Politiques syndicales : fausses oppositions et vraies compromissions

Mis en ligne le 11 juillet 2003 Convergences Politique

Une dérisoire campagne de pétitions aux parlementaires pour exiger « de vraies négociations » sur une réforme que le même parlement était décidé à voter depuis longtemps, c’est tout ce qu’a trouvé la CGT, en commun avec la FSU et l’Unsa, pour conclure deux mois de luttes.

Le 10 juin, à la première bribe de concession sur la décentralisation, le principal syndicat enseignant, la FSU, avait lâché les enseignants en grève. Dans le même temps la CGT pesait de tout son poids pour faire reprendre le travail à ceux des cheminots qui avaient continué la grève après la journée d’action du 3 juin.

On comprend qu’en répondant à un député socialiste qui lui reprochait d’avoir handicapé le dialogue social en « refusant la main tendue par la CGT », le ministre Fillon ait rétorqué en disant que, même s’il n’y avait pas eu accord, la CGT avait « adopté tout au long du conflit une attitude responsable qui montre qu’il y a eu un vrai dialogue social ». C’était le 12 juin. Le même jour, à Marseille, Bernard Thibault se faisait siffler par les manifestants dont certains de la CGT.

La première claque

Le dialogue gouvernement-syndicats avait pu paraître bien parti à l’automne 2002 quand le premier fit de la négociation d’une réforme des retraites d’EDF-GDF un premier test.

En même temps que les syndicats des électriciens et gaziers appelaient à une première manifestation, le 3 octobre, la CGT, majoritaire, admettait déjà le principe de la réforme de leurs régimes de retraite.
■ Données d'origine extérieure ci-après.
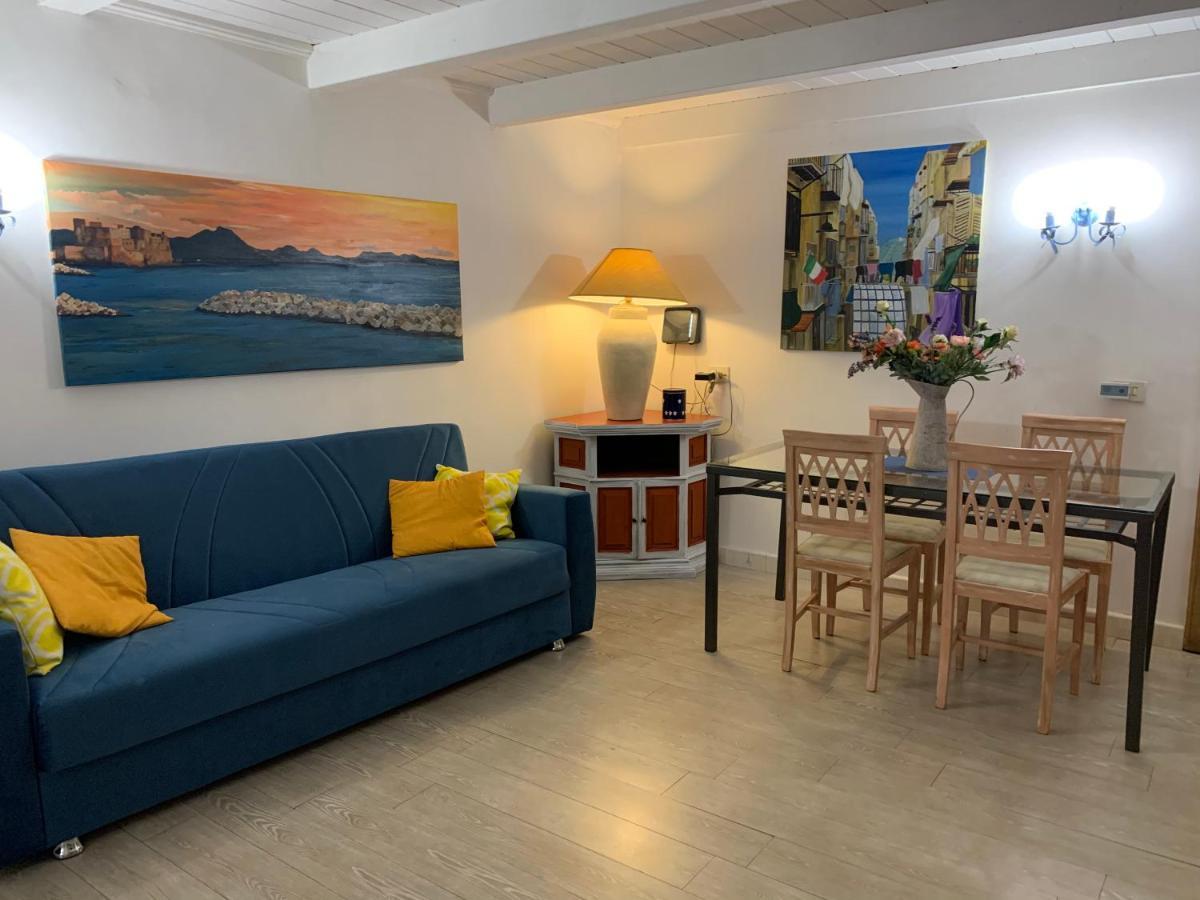 Casa Ra Bella Mbriana Apartment Napoli Exterior foto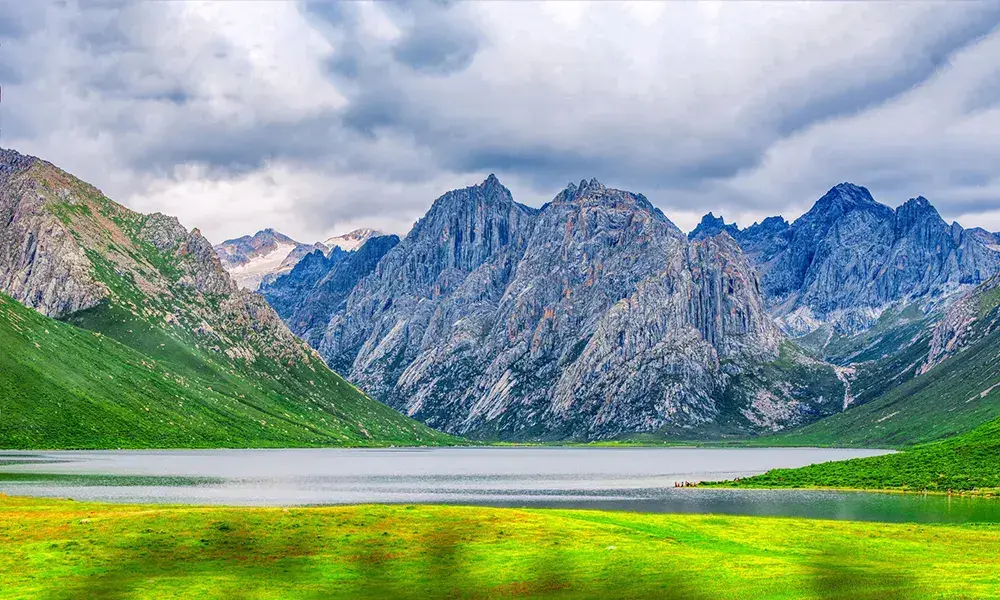[Gannan Hidden Realm] Emutang + Lianbao Yaze + Langmu Temple + Zhagana + Flower Lake + Yellow River First Bend 7-Day Tour - Sichuan 2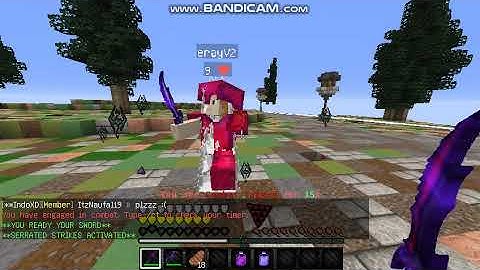 Hacker in OpFactions Server Extremecraft.net #33
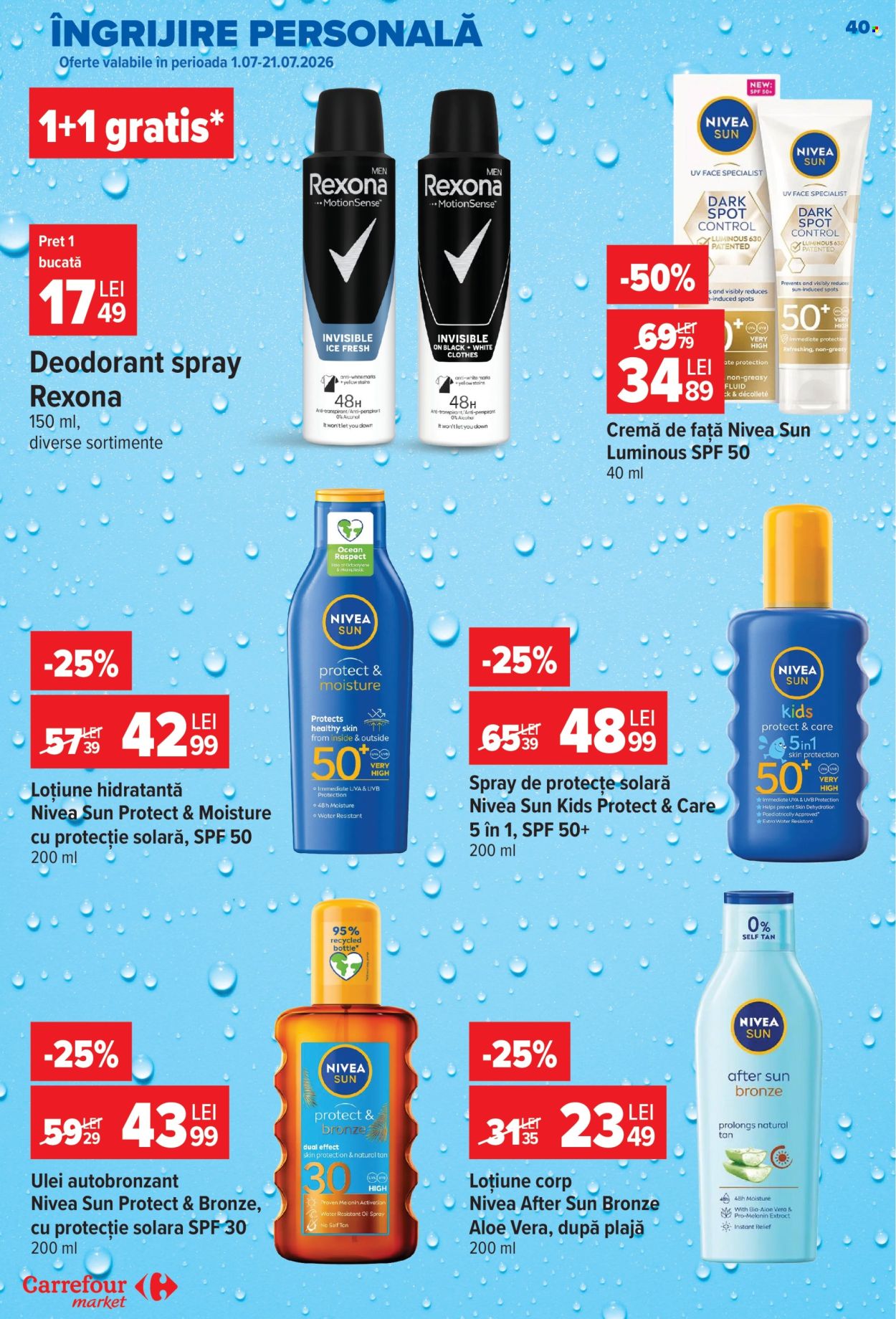 Catalog Carrefour - 01.07.2026 - 07.07.2026. Pagina 39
En décembre tous les syndicats, excepté FO, étaient tombés d’accord avec le gouvernement sur une réforme qui, sous prétexte de « pérenniser le système de retraites », prévoyait une augmentation de cotisation des salariés, donc une baisse de salaire de 4 %, la création d’une caisse de retraite séparée d’EDF-GDF (en vue de la privatisation) et le principe du passage de 37,5 ans de cotisation à 40 ans avec la fonction publique.

Mais le jeu bien rodé du « dialogue social », petit tour dans la rue, longs marchandages dans les salons, allait buter sur le tollé soulevé par ce projet parmi le personnel et les militants syndicaux. Pour ne pas prendre la responsabilité d’une signature impopulaire, la fédération CGT demandait l’organisation d’un référendum où elle-même et la CFTC appelaient au vote « oui », comme les syndicats déjà signataires (CFDT et CGC). Claque pour tous, ministres et dirigeants syndicaux, ce fut un « non » qui sortit des urnes, début janvier.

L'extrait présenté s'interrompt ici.